[Exercise material]
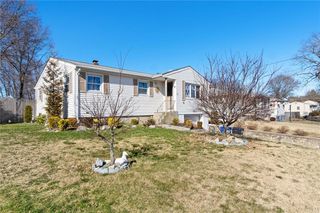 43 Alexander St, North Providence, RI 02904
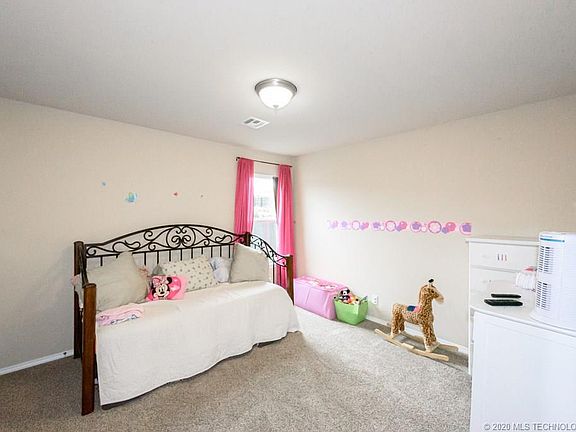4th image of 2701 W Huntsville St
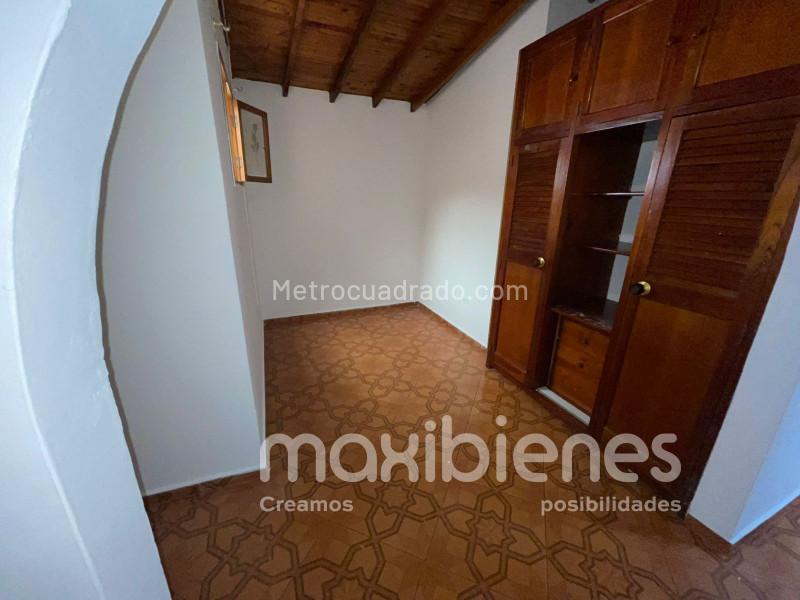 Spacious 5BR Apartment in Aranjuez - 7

---

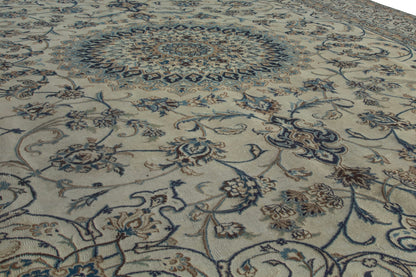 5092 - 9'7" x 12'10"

[Exercise brief] Return exactly the lines above, from the one with "43 Alexander St, North Providence, RI 02904" up to and including the one with "Spacious 5BR Apartment in Aranjuez - 7", and include no pictures.

[Answer below]
 43 Alexander St, North Providence, RI 02904
4th image of 2701 W Huntsville St
 Spacious 5BR Apartment in Aranjuez - 7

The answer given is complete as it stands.